Return an exact transcript of the material below from the line containing "Personalized Indian Dog" through its final line, and no other lines.
**** Collected material
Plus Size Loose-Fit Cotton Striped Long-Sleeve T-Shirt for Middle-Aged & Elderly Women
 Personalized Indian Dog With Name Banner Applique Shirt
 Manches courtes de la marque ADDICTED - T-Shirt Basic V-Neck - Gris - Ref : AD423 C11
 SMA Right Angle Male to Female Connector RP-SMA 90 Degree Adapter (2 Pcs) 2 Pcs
********
**Exercise output**
 Personalized Indian Dog With Name Banner Applique Shirt
 Manches courtes de la marque ADDICTED - T-Shirt Basic V-Neck - Gris - Ref : AD423 C11
 SMA Right Angle Male to Female Connector RP-SMA 90 Degree Adapter (2 Pcs) 2 Pcs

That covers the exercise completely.